Exercise prompt: Write out exactly the lines of the entries below from the one holding "Ted Baker Kids Padded Coat Black" to the one holding "Plakat Blühender Landkreis Firmenwettbewerb", inclusive, and leave out all other lines.

++++++

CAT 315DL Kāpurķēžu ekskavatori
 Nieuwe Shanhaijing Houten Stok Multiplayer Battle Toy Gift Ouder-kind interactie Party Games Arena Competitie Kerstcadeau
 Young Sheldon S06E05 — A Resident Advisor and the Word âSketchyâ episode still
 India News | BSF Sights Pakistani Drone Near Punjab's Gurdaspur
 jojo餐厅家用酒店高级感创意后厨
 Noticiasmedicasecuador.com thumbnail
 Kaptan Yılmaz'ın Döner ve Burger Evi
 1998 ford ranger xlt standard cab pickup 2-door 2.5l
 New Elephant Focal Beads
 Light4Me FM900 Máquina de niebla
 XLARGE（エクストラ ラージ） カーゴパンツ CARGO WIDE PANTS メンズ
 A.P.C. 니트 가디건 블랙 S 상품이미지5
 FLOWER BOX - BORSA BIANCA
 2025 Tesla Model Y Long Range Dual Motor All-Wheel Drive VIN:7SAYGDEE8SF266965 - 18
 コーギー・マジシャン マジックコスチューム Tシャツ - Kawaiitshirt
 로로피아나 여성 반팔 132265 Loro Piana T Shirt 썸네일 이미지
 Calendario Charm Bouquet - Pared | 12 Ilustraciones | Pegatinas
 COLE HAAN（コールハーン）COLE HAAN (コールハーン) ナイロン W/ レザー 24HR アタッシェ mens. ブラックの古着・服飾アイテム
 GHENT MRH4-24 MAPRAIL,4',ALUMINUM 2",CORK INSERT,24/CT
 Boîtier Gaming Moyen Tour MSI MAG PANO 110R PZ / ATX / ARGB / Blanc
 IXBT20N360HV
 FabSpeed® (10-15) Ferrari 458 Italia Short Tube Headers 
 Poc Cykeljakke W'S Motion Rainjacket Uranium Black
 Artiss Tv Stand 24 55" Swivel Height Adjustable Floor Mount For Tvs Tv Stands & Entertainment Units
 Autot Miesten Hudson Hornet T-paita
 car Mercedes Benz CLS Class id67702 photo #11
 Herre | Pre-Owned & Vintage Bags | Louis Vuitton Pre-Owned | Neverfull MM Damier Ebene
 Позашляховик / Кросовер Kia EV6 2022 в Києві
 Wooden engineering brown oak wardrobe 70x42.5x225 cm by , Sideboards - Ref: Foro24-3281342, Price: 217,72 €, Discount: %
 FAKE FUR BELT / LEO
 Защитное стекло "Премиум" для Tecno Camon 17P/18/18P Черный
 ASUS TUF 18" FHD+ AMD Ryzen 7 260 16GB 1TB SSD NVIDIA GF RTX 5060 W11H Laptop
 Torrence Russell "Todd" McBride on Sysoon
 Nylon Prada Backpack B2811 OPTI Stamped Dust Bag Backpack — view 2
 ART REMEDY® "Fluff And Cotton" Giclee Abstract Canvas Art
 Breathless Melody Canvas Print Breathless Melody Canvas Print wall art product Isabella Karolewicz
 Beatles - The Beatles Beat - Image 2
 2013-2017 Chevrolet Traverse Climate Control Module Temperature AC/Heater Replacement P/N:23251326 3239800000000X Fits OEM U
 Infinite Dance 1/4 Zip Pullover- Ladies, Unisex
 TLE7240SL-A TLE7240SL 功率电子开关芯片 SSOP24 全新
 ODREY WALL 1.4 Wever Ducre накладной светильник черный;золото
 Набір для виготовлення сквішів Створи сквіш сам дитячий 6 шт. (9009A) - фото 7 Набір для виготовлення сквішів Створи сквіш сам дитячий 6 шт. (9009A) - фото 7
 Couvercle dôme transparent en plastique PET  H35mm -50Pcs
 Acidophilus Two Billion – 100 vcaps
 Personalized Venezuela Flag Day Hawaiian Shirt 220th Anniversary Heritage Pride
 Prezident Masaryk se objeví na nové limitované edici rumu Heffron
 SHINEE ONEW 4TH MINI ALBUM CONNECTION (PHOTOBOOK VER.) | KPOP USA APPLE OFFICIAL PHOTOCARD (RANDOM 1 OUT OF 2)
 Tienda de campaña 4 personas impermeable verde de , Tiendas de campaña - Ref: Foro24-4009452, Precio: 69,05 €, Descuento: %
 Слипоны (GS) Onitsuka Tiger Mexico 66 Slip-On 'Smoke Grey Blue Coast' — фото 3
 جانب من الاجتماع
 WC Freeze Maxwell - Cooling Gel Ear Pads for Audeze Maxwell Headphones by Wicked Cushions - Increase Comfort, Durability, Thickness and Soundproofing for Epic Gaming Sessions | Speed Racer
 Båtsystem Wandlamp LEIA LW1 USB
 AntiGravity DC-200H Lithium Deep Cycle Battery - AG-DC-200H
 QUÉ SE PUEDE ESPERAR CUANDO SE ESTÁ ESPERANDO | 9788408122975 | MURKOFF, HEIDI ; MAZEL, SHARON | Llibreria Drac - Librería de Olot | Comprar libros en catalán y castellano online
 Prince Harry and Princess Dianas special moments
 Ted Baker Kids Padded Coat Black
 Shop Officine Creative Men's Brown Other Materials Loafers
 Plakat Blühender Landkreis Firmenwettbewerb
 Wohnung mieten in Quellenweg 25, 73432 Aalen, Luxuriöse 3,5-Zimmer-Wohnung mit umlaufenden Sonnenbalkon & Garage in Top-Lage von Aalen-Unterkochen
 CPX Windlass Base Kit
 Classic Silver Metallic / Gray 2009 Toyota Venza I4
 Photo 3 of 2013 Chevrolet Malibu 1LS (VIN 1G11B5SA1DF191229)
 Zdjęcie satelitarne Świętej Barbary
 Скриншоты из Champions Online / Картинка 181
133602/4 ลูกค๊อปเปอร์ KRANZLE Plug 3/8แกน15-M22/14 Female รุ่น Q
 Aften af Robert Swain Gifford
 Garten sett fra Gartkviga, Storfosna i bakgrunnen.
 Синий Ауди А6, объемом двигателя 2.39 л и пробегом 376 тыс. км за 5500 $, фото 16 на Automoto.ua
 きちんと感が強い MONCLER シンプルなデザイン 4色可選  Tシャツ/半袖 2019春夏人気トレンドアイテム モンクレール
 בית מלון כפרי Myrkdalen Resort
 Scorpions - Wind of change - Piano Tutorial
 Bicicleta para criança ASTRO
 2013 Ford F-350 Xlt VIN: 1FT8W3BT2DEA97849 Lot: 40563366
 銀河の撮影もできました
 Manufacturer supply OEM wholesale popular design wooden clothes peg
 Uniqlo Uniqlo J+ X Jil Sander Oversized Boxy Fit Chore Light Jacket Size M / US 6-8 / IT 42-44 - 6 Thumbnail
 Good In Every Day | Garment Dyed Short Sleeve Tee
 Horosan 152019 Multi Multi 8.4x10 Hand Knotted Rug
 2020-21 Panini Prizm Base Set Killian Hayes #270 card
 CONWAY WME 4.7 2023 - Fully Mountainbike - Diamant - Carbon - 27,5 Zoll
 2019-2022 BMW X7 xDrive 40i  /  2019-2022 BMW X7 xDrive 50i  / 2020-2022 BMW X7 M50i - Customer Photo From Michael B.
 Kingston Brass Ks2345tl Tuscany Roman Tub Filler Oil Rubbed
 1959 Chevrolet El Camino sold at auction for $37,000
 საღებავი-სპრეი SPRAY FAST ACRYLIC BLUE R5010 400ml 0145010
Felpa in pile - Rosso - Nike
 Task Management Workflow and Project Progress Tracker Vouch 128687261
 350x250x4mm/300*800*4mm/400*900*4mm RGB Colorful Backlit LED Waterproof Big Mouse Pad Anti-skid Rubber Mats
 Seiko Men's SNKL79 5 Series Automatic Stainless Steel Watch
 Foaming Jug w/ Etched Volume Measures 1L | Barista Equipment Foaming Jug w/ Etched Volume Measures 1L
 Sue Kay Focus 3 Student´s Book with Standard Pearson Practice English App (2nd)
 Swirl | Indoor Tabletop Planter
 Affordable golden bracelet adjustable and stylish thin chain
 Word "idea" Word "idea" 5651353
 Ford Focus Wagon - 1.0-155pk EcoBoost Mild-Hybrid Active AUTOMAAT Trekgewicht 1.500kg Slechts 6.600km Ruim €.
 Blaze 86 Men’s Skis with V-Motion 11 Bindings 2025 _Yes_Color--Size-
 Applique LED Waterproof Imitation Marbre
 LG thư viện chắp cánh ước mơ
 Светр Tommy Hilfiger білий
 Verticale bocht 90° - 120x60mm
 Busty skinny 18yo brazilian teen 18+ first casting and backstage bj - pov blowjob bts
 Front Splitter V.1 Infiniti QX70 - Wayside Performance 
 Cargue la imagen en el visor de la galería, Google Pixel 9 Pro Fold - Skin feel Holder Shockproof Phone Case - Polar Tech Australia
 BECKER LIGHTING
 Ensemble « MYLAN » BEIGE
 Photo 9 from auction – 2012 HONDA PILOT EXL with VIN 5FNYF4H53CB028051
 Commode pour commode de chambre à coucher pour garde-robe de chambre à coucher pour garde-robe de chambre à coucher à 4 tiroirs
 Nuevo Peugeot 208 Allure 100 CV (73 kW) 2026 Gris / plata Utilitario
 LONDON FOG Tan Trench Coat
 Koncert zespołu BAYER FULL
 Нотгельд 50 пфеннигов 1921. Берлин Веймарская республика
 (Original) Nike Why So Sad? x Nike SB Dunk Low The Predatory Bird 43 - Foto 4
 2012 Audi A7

++++++

Completed task:
 Ted Baker Kids Padded Coat Black
 Shop Officine Creative Men's Brown Other Materials Loafers
 Plakat Blühender Landkreis Firmenwettbewerb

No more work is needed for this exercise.